Would you please repeat, word for word, only the lines from the one holding "ОТВЕТСТВЕННОСТЬ МАГА ПЕРЕД ДЕТЬМИ" through the one holding "Brahman Cattle: Learn" in the material below, without the pictures?

Data to examine:
===============

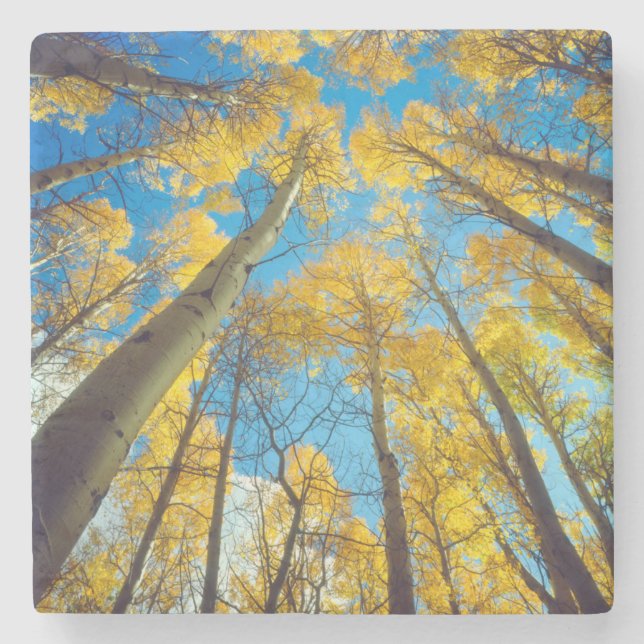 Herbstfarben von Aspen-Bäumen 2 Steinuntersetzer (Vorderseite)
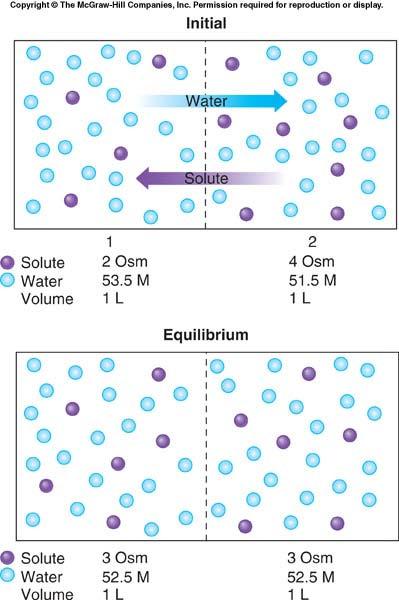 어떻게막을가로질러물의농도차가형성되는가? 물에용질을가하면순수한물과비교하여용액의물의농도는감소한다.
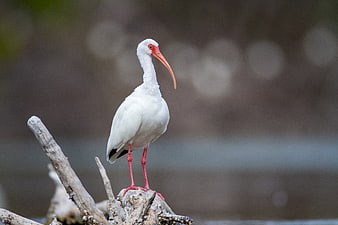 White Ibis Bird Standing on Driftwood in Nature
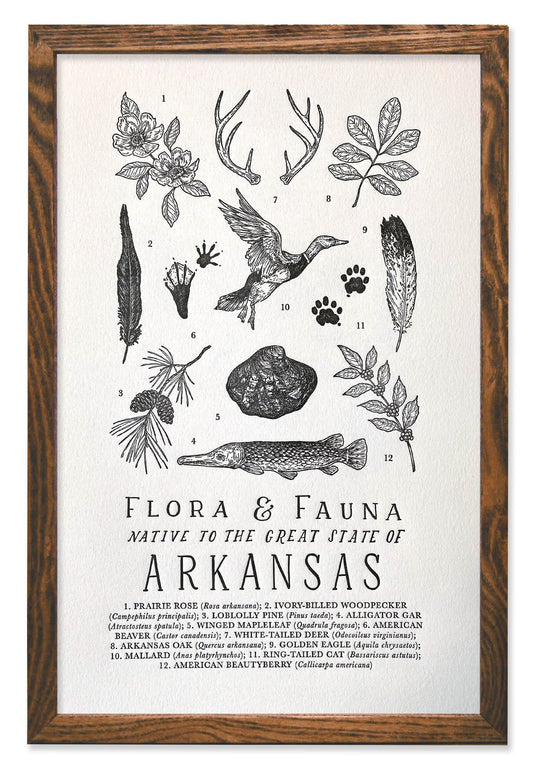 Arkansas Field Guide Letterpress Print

===============

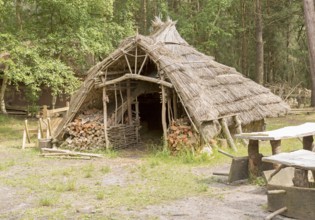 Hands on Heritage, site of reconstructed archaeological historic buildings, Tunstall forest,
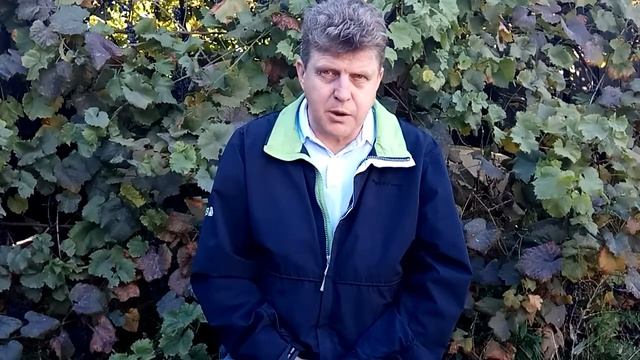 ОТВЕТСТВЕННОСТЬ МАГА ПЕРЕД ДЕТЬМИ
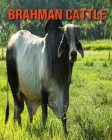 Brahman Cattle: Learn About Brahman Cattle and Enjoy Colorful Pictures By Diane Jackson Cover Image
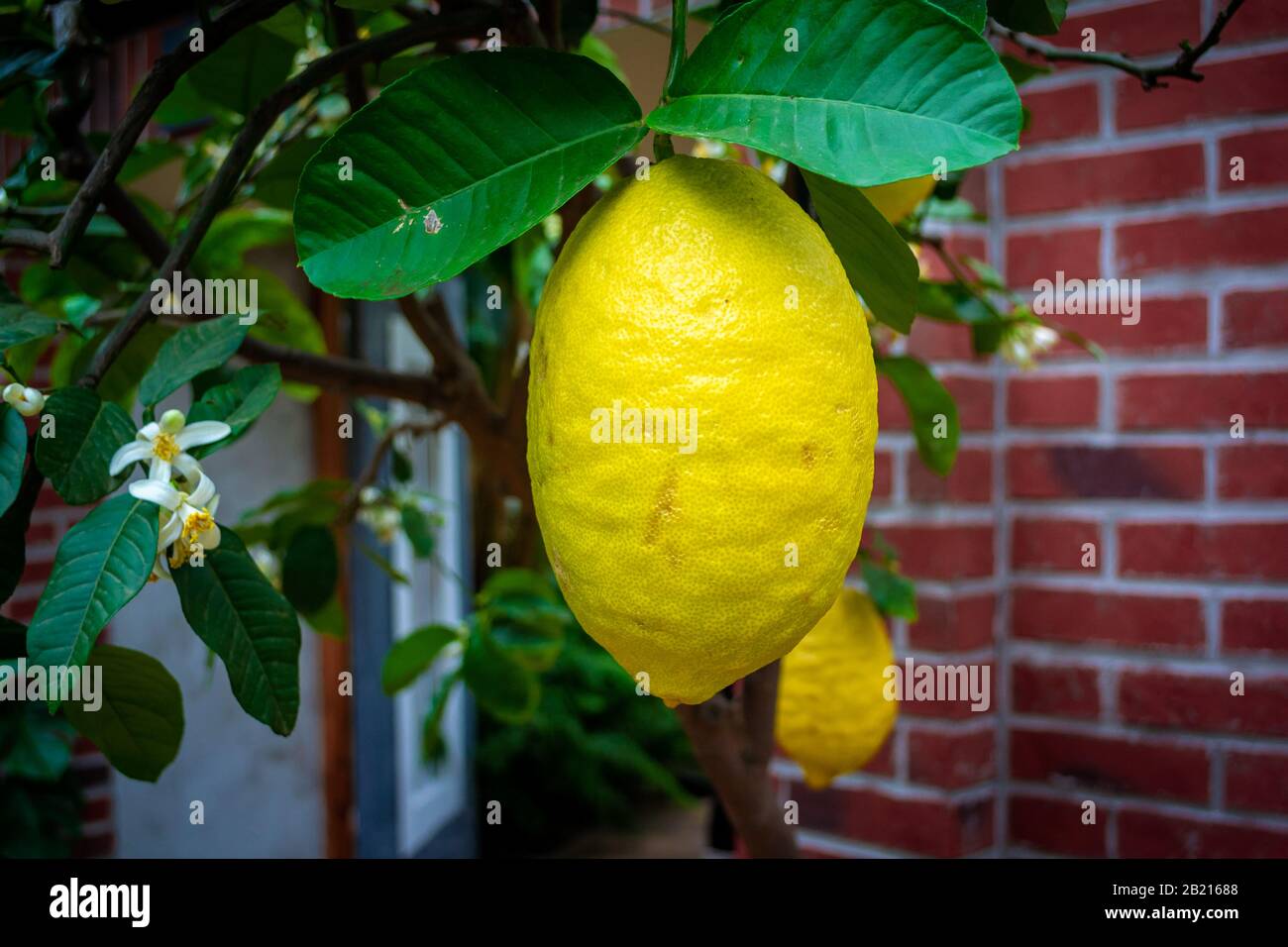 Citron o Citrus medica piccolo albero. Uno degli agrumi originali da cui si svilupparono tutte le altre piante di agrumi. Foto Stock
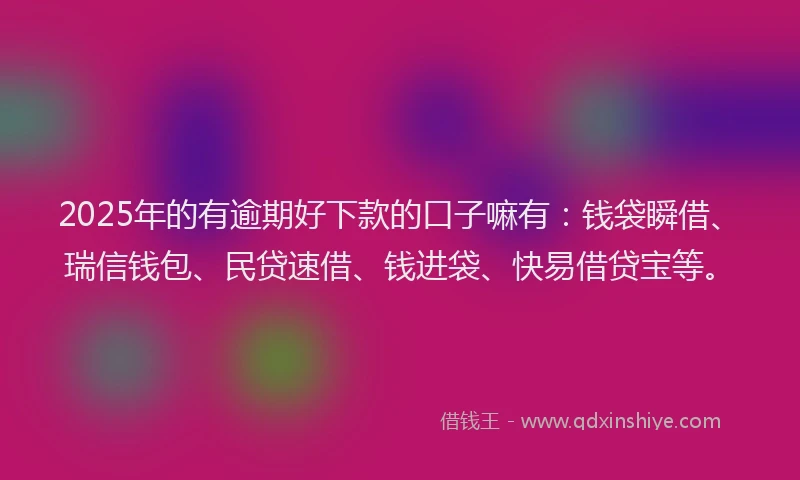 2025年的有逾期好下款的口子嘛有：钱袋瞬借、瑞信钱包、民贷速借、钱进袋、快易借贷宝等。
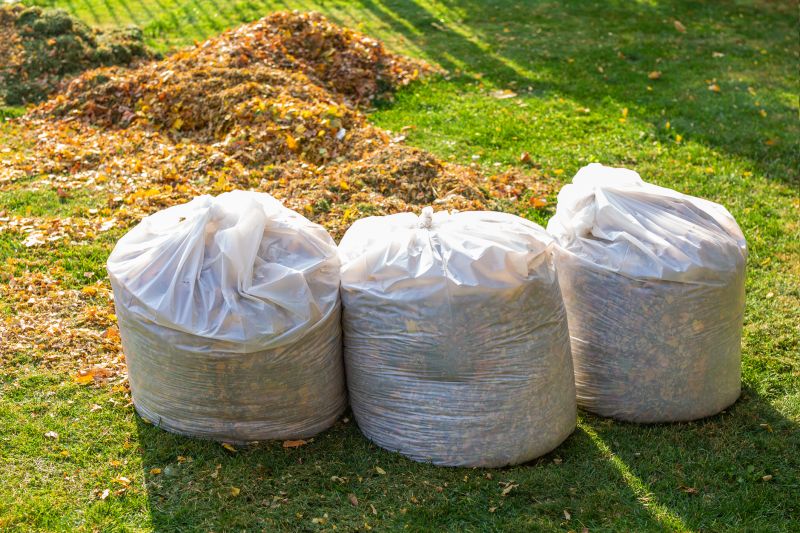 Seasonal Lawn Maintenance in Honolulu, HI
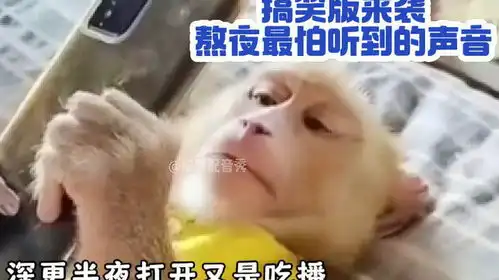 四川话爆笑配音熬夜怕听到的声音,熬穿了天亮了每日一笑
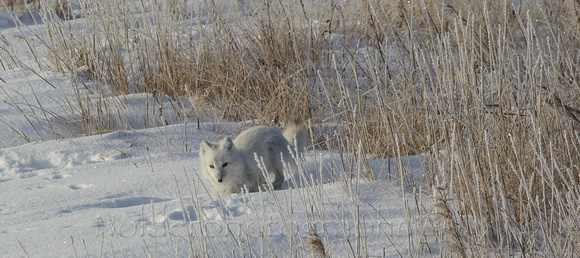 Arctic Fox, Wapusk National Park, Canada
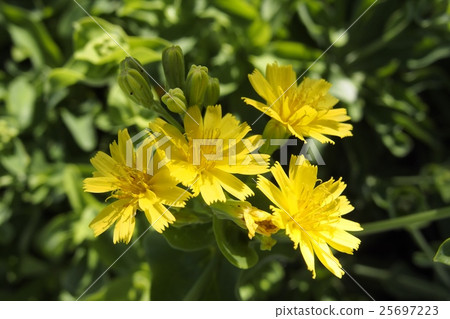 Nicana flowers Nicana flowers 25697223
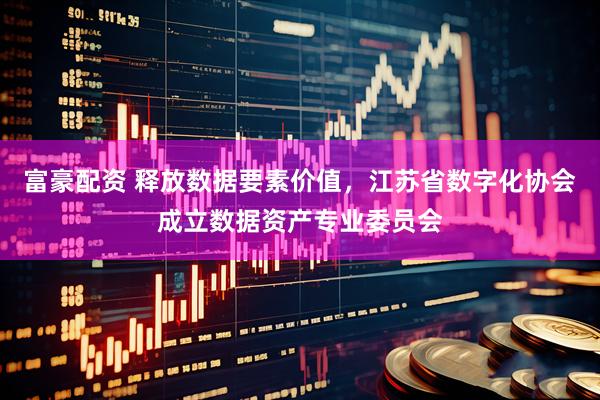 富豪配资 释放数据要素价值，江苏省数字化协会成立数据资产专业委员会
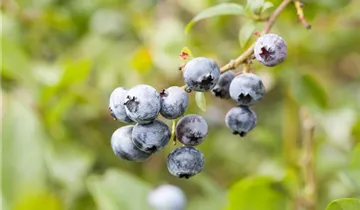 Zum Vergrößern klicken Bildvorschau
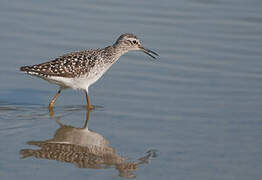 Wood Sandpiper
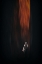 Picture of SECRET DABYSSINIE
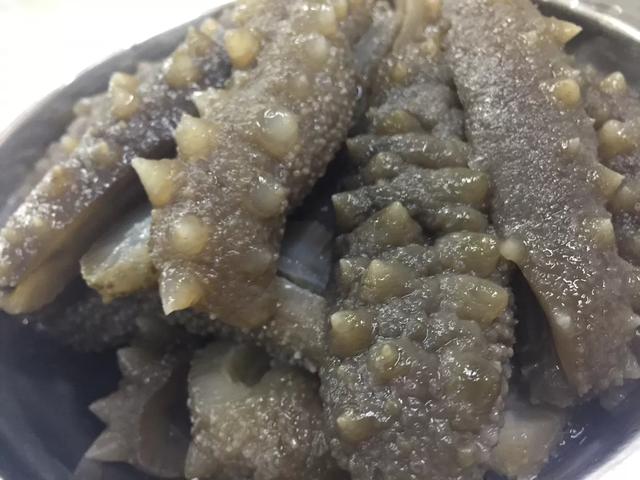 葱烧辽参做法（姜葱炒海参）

===============

The completed task:
 ОТВЕТСТВЕННОСТЬ МАГА ПЕРЕД ДЕТЬМИ
 Brahman Cattle: Learn About Brahman Cattle and Enjoy Colorful Pictures By Diane Jackson Cover Image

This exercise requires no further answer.